Assuming that he’s writing out of firsthand experience, the songwriter says that his soul “is full of troubles” (v.3). That he was a man of “no strength,” like one who was nearing death (v.4-5). His companions shun him (v.8) . . . his eyes grow dim with sorrow (v. 9a). He feels the crushing hand of God’s displeasure and wrath upon himself (v.7), and feels that God has cast his soul way, hiding His eyes from looking upon His servant (v. 14).
Afflicted and close to death from my youth up, I suffer Your terrors; I am helpless. Your wrath has swept over me; Your dreadful assaults destroy me. (Psalm 88:15-16 ESV)
Heavy sigh! Whatever it is this composer was remembering or relating to, it was absolutely miserable. And you read all 18 verses and it doesn’t get better. No happy ending. So what’s the deal?
Here’s the deal, the lyrics are a prayer. A prayer to the living God. A prayer founded on the belief that this God hears and that He acts upon what He hears. This is not a lament intended to be sung into an empty room, the words echoing hopelessly off the walls, the sentiments expressed with no thought that they will go beyond the ceiling. Instead, it is written with the intent it will reach into heaven itself. Written for a choir, but directed to an Audience of One who is enthroned in Majestic glory and intimately aware of, and interested in, the affairs of His people. Sung to One who is able to deliver.

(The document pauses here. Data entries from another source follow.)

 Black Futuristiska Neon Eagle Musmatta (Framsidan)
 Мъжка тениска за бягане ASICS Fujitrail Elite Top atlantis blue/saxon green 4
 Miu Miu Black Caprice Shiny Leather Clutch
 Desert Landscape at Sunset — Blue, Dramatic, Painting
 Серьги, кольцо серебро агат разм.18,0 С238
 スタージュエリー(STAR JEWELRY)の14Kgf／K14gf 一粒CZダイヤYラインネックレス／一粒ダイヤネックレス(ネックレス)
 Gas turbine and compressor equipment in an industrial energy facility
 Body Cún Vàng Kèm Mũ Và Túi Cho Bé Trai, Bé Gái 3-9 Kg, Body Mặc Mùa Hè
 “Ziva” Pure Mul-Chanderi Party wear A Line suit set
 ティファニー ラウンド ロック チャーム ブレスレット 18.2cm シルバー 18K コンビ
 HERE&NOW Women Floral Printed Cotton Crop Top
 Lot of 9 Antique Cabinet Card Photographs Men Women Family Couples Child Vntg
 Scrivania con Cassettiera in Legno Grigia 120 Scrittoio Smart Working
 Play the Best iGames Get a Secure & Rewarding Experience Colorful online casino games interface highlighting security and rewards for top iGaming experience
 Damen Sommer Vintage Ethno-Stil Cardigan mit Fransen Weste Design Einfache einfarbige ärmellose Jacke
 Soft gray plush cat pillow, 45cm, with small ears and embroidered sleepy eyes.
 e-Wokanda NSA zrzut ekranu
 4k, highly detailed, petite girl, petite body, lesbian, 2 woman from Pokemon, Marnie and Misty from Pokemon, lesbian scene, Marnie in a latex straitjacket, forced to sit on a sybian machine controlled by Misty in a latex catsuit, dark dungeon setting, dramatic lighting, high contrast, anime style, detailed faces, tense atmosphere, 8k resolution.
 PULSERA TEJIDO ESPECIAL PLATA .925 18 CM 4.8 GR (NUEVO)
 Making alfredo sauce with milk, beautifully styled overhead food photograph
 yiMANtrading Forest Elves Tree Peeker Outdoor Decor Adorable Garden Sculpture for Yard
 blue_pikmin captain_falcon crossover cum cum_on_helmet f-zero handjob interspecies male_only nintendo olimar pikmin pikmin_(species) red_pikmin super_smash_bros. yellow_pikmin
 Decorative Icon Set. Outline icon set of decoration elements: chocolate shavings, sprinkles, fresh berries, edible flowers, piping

O LORD, God of my salvation; I cry out day and night before You. Let my prayer come before You; incline Your ear to my cry! (Psalm 88:1-2 ESV)
Repeatedly this sad song comes back to the chorus of crying out.
Every day I call upon You, O LORD; I spread out my hands to You . . .
But I, O LORD, cry to You; in the morning my prayer comes before You.
(Psalm 88:9b, 13 ESV)
No resolution found in this sad song . . . no joy realized . . . no happy ending in sight. Just a faith driven determination to bring his situation, and his sadness, before the God in whom he trusts. And sometimes, I’m thinking, that’s all you can do with a circumstance that makes no sense and hurts so much. It brings to mind something I read years ago by Chuck Swindoll. When the landing gear won’t come down, and the plane has been readied for a crash landing, . . . when final descent begins, “If you believe in God you should commence prayer (click here to see the full article).
Prayer . . . it’s what the sad song demands . . . it’s the only response warranted by a desperate situation. Reminds us of a God who’s in control. A God who is love. A God, though His ways and thoughts are beyond our understanding, has determined to intricately weave Himself into our world through His Son. A God, who invites us to confidently draw near to His throne of grace that we might know the abundance of His mercy “and find grace to help in time of need” (Heb. 4:16).
Sometimes you just gotta keep on believing . . . and keep on singing . . . even when it’s a sad song.
Sung by His grace . . . sung for His glory.